My theory of relatives!
Blog :Delirium- the madness saves me.
Date: 9/19/2011 11:52:00 AM
Relatives can sometimes be snoopy, irritating and judgmental. I have got loads of friends who have got lots of relatives in Mumbai and other cities and they keep visiting my friends’ houses almost every week. They cause schedules to go haywire, additional household work meant for the women and children and deadlines to return home. I always see my friends in a very sad mood when there is this exodus of relatives every month, and every week.
After seeing them, I often wonder how my situation is so different; I can barely count my relatives on my fingertips. They don’t visit us often and most don’t stay in Mumbai and a lot of them stay outside the country. They are a jovial lot, we always enjoy their company and infact, itch to visit them and treasure the time when they come to our house.
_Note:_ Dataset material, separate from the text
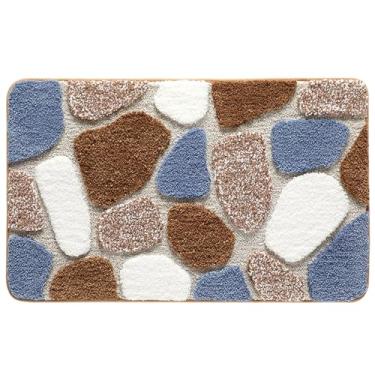 Imagem de Tapete de banho, tapete de banho de pedra de seixo vermelho macio e antiderrapante, tapete de porta felpudo de microfibra ultra absorvente, lavável na máquina, tapete de banho de secagem rápida,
Somehow they make sure that we aren’t inconvenienced in any way by their visit and don’t always pester us children with hackneyed, irritating questions of marriage, salaries and our lifestyle and coming home late.
I now realize that we are a few of the rarest of the rare cases.
I got thinking about how we all, Indians are so family oriented and like to spend so much time and make it a point to visit family members especially during festivals. Do we really think whether we are inconveniencing someone by staying in their house? No person with enough self-respect will ever tell you that please don’t come, this isn’t the right time etc. They would rather suffer you with a forced smile. Most of the families in Mumbai have rather small houses and sometimes just a 1 room and kitchen. If our entire family with 4-5 members decide to go and stay in their house, it’s going to be mighty problematic. But people don’t care!
Please people, leave the marriage talk alone!! I know most of the elderly aunties and retired uncles have lots of time on hand and marriage of the pretty, young and dear nieces and nephews is the prime thing on their minds, more than anything, more than career, more than what we really want. Please, give us a break! We know we have to get married , we know when the time will be correct, and when we meet the person! We cant just get married to anyone and everyone, just because we are 23. And we are only 23! Have some pity! We have just begun to enjoy our freedom and live up on our parties with friends and colleagues and really understand what we want from life and what we really want to do. I know soon at 30s our biological clocks are going to tick fast but committing for things like marriage isn’t a game for us to just finish off, like you think! It’s a serious business! The last say on this subject would be that you all should thank god that we aren’t Homosexuals!! Otherwise you’d have us ousted from our homes! We want to marry, but think for a while about our desires and what WE really wish to do in life. We have to care right now about our careers.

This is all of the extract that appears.